Articles in Journals
Erin Sawyer, “Celibate Pleasures: Masculinity, Desire, and Asceticism in Augustine,” Journal of the History of Sexuality 6 (1995): 1-29.

Subsequent references to a text cited in an endnote should be included parenthetically in the article, and comprise reference to the author, title (if more than one text by the same author is cited in endnotes) and page number.  Do not use abbreviations such as ibid.or op cit. For example:
(Fish, Self-Consuming 74)          (Sawyer 15)

5. Reviews
Reviews should be headed as in the following examples:
T. Winnifrith, ed. The Poems of Charlotte Bronte. Oxford:  Basil Blackwell, 1984.
Elizabeth Alvida Petroff. Essays on Medieval Women and Mysticism. New York and Oxford: Oxford University Press, 1994.
Reviews should be signed as in the following example:
Christine Smith
University of New South Wales

6. Dates and Numerals
Dates should observe the form “12 August 1933” (no comma or “th”). Cardinal numerals up to 100 should be typed in words, e.g. “seventeenth century” not “17th century.”

7. Accents
Accents will normally be omitted from capital letters in French, but the Umlaut will be used on capitals in German.

8Quotations
Quotations of less than three lines should be enclosed within double inverted commas, and not underlined (except for italicising). Quotations of more than three lines should start on a new line and be indented (two tabs from the left margin) but not enclosed within inverted commas. An initial reference to or quotation from a text should be referenced by an endnote. Subsequent reference to the same text should be included parenthetically at the end of the reference. See (4) and (9) for further details.

9. Punctuation
Commas and periods that directly follow quotations go inside the closing inverted commas. In this case, an endnote number, if required, should immediately follow the closing inverted commas. For example:

Austen opens her novel ironically: “It is a truth universally acknowledged, that a single man in possession of a good fortune, must be in want of a wife.”1

A parenthetic reference intervenes between the closing inverted commas and the required punctuation.

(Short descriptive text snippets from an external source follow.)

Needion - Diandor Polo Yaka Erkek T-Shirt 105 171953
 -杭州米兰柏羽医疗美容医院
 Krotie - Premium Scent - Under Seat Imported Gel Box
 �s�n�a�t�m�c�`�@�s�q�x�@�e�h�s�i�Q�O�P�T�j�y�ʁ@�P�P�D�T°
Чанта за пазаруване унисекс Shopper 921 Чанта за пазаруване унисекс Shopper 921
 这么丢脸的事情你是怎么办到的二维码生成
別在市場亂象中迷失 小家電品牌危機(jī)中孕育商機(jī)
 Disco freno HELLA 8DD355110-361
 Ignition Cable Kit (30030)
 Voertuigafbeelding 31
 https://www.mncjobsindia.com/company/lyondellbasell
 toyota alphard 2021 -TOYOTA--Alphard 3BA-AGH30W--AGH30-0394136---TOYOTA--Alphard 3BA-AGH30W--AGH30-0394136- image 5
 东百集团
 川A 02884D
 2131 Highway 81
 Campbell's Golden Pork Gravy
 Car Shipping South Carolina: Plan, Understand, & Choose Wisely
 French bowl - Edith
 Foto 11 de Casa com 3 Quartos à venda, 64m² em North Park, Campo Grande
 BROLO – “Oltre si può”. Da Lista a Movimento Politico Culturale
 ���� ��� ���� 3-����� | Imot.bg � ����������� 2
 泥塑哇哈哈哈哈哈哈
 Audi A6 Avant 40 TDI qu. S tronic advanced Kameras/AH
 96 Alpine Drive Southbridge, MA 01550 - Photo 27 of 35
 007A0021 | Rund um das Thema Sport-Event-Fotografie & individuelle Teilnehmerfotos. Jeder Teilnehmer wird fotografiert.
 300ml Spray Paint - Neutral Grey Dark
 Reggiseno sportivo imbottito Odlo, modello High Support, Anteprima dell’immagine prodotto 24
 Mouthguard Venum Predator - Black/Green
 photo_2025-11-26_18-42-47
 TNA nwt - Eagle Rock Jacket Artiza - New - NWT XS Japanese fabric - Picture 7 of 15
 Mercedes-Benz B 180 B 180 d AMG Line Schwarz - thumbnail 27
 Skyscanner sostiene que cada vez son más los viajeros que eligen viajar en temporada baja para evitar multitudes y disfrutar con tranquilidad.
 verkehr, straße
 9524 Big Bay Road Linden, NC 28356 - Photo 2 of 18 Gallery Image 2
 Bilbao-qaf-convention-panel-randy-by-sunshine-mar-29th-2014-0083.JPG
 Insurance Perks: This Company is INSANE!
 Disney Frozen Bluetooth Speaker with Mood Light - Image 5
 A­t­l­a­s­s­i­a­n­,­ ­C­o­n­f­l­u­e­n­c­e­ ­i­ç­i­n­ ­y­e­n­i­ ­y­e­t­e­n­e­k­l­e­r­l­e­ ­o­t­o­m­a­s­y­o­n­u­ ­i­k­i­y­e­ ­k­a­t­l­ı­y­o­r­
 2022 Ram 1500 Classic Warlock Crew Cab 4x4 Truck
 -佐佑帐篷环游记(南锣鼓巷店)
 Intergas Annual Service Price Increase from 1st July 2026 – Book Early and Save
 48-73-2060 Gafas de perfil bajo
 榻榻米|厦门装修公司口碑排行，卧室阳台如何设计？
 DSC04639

If a quotation ends with a full-stop or period, the punctuation appears after the reference. In this case, if an endnote number were needed, it would follow the final punctuation. For example:

Austen closes the chapter on a similarly sardonic note: “The business of her life was to get her daughters married; its solace was visiting and news” (53).2

All other punctuation marks—such as semicolons, colons, question marks and exclamation points—go outside closing inverted commas, except when they are part of the quoted material. If a parenthetic reference is needed, it is followed by a full-stop (and then an endnote number if necessary). For example:

 Dorothea Brooke responds to her sister, “What a wonderful little almanac you are, Celia!” (Eliot 7).3

10. Capital Letters
The following language conventions should be followed in titles and subtitles. English usage favours capitals throughout the title of a book (except for prepositions and articles). German, Spanish and Italian use capitals for the first word and other words normally capitalised. French capitalises the first word and all proper nouns.

11. Copyright and Republication
Contributors are advised that articles accepted for publication will appear in the AUMLA print version, as well as being made available electronically according to agreements made at the discretion, and under the control, of the AUMLA publishers.  AUMLA releases to the author/s of contributions the right to hold a copy of their contribution on a non-commercial website intended for educational or promotional use.  If the contribution is accepted subsequently for publication elsewhere, AUMLA should be acknowledged as the initial publication site.